Hace unos años escribí este
Prólogo al excelente libro de Ana Cristina Benavides, La Soledad de Macondo
o la salvación por la memoria.
“La impresión de quien desea acercarse por primera
vez a Cien años de soledad, tomando como referencia su título, es que se
enfrenta a una obra que denuncia un dolor... este trabajo surgió del
reconocimiento de esta denuncia del sufrimiento”. Con estas palabras abre Ana Cristina Benavides una apasionante
investigación sobre el trasfondo de una de las novelas más señaladas del siglo
XX.
De Cien años
de soledad corren muchas versiones.
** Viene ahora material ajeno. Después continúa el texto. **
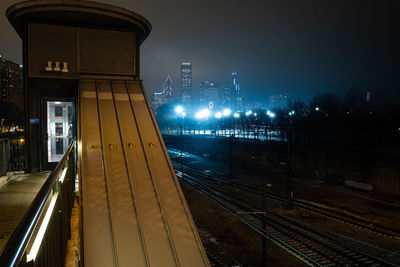 Illuminated railroad station in city against sky at night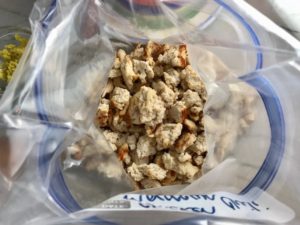 Cooked and browned chicken added to freezer bag on counter for Moroccan Chicken Chili with Chickpeas is loaded with comforting and healthy ingredients and spices. You get warmth from Ginger, Turmeric, Garlic, and Coriander. Then tons of hearty flavor from browned ground chicken and Shallots. And creaminess from the Carrots and Chickpeas. You can make it ahead and freeze it until you are ready to cook it!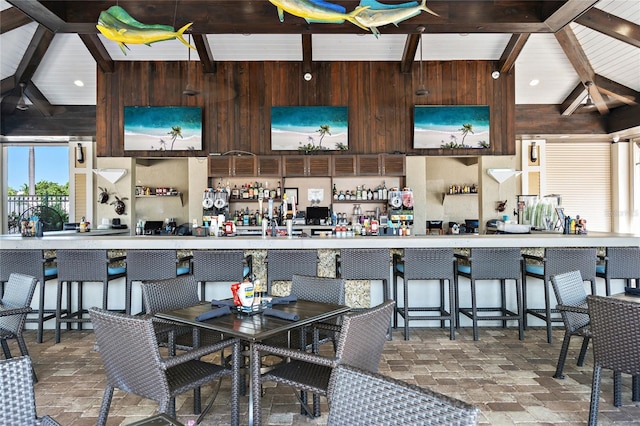 interior space featuring lofted ceiling with beams and wood walls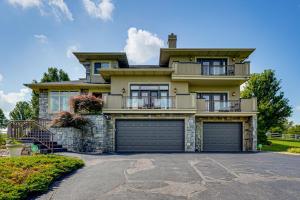 a large yellow house with two garage doors at Private Getaway! Massive Springfield Area Home in Rogersville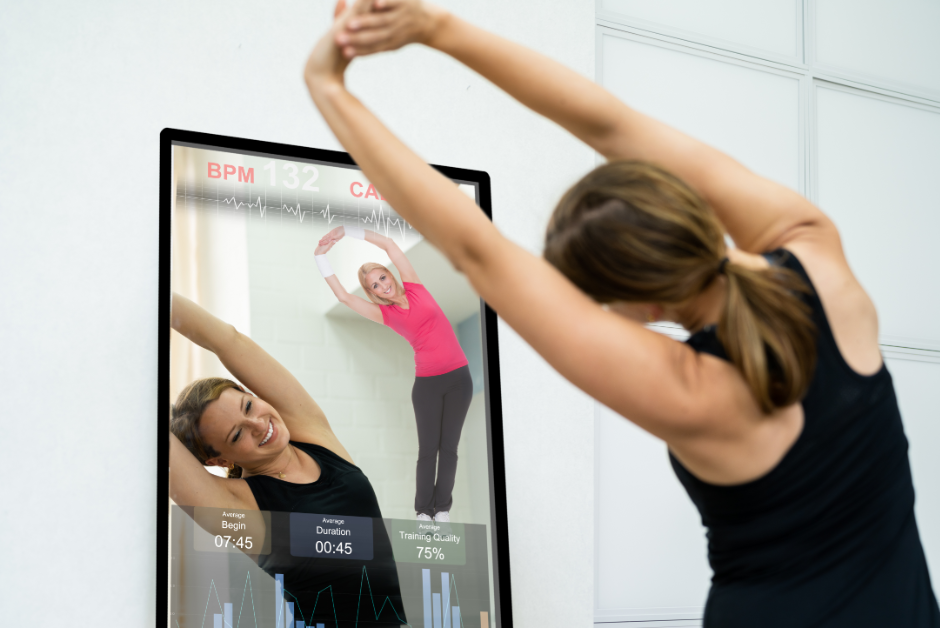 person using smart mirror for exercise as an example of bleisure technology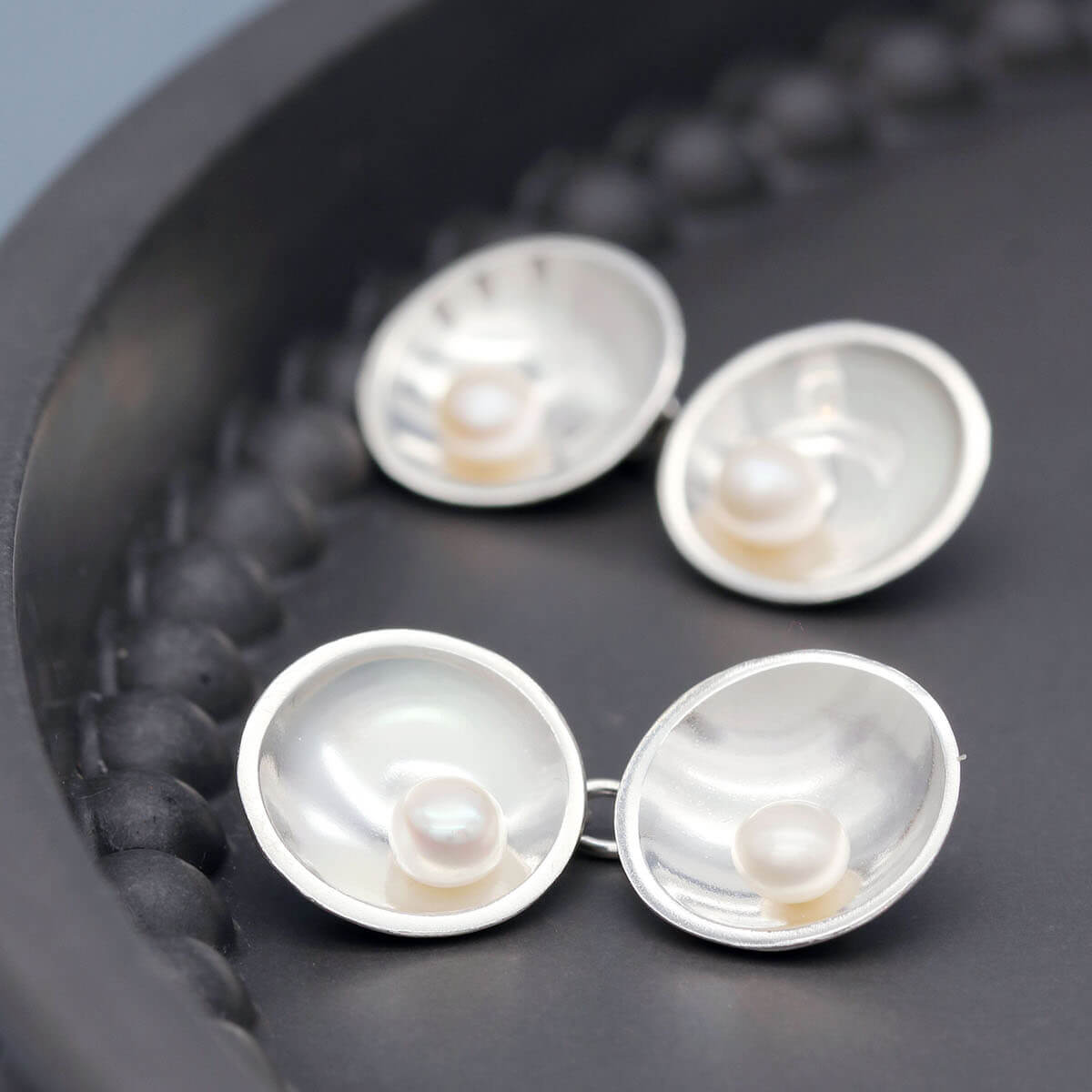Handmade sterling silver double-sided pearl cufflinks with genuine freshwater pearls displayed on a dark grey dish.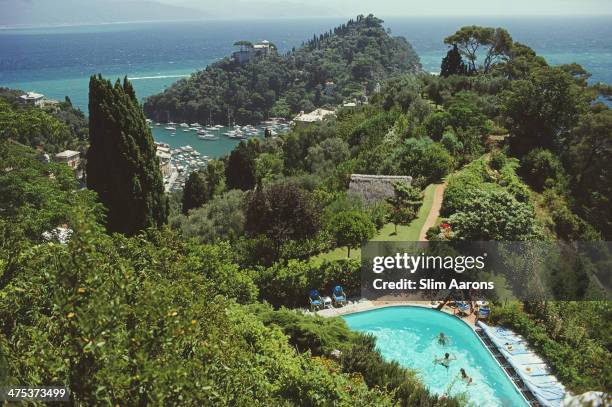 Guests by the pool at Klaus Pudel's villa, the Casa Montefino, overlooking Portofino harbour, Portofino, Italy, August 1977.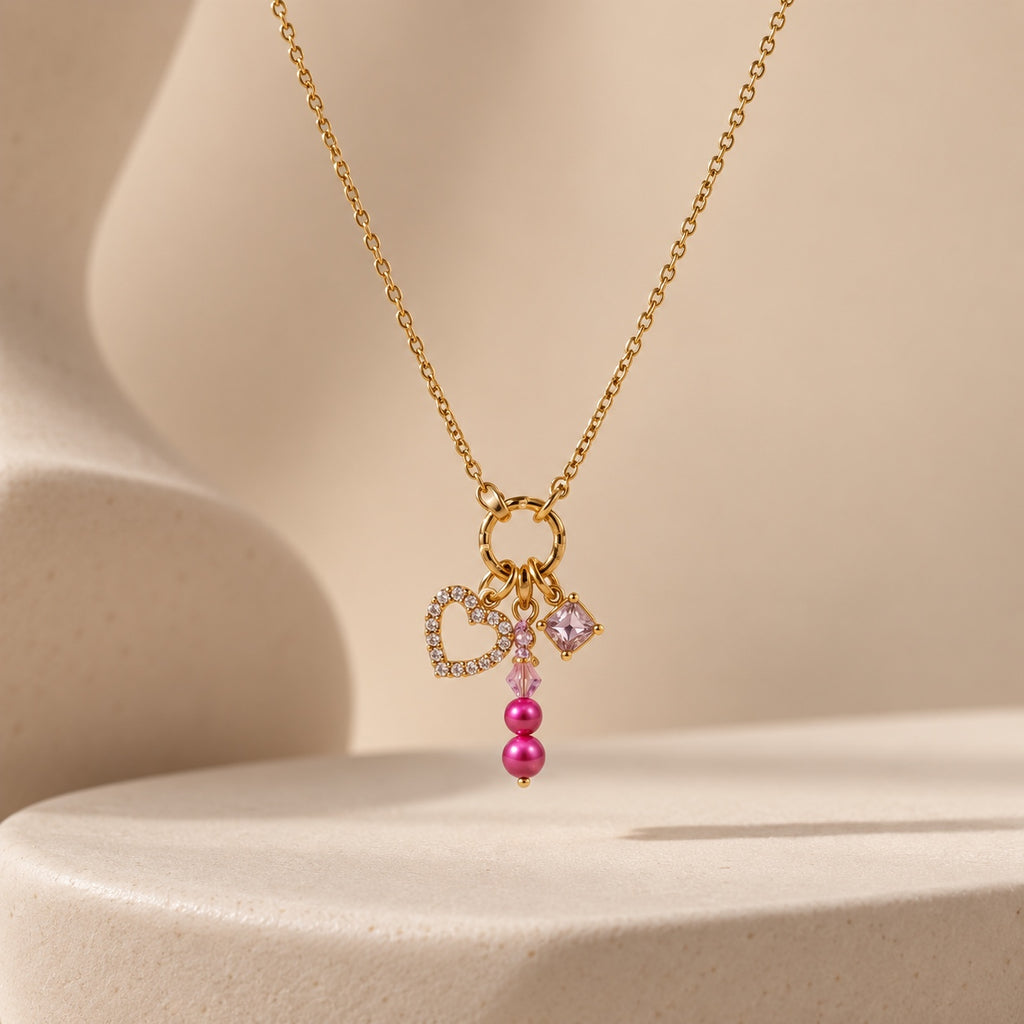 The Rosalie pink heart charm necklace on warm neutral studio background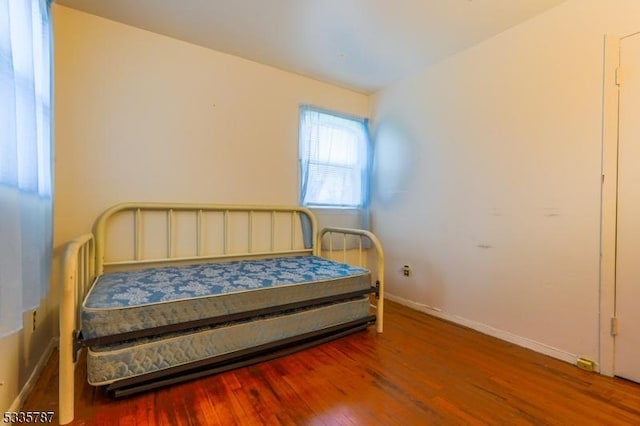 bedroom with baseboards and wood finished floors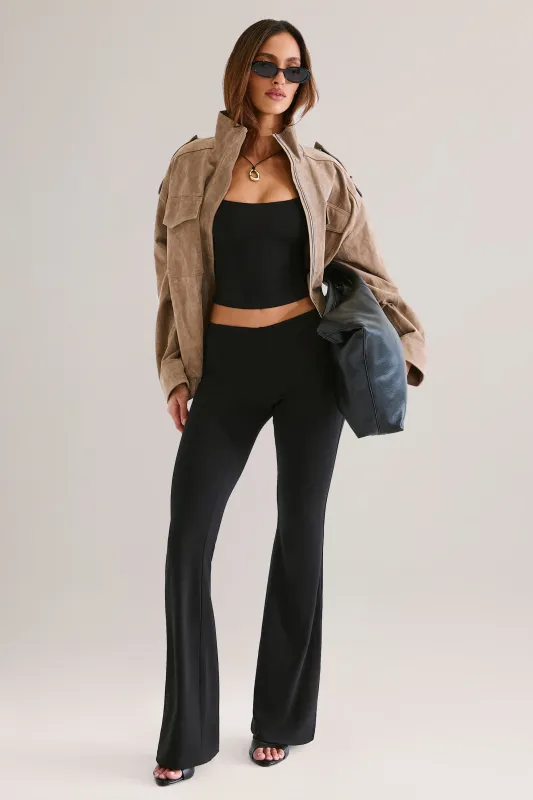 Modal Mid-Rise Flared Trousers in Black sold by Oh Polly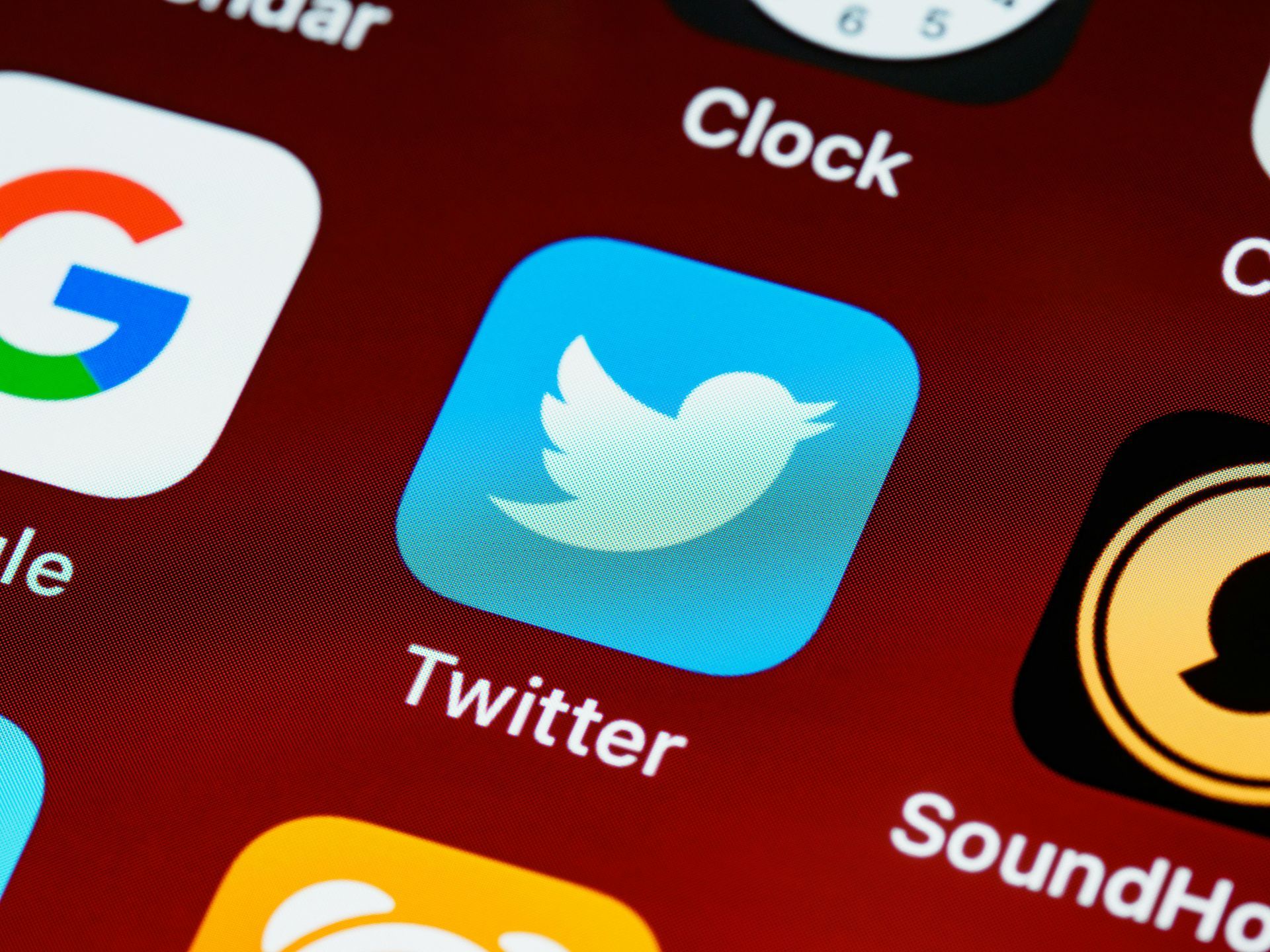 A close up of the twitter app on a phone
El misterio que anima esa escritura da
pábulo a todos tipo de interpretaciones y hasta de leyendas. Durante un tiempo
era leída desde Europa en clave de violencia, abonada lógicamente por la
nacionalidad colombiana del autor. El contexto de la novela estaría formado por
la interminable sucesión de guerras civiles, golpes dictatoriales,
pronunciamientos, enemiga con el imperialismo estadounidense e cosí via.
Ana Benavides se alinea, con buen criterio, con quienes se toman en serio el
título y ponen la soledad en el epicentro de este magno relato.
“El libro que estoy
escribiendo”, confiesa el propio García
Márquez, “no es el de Macondo, sino el
de la soledad”. La soledad en cuestión es
el resultado de un desencuentro crónico de los habitantes de Macondo con el
tiempo y el espacio. Es como si, por un lado, fueran acontemporáneos de sí
mismos en el sentido de que el estar al día supone dejarse atrás lo más propio.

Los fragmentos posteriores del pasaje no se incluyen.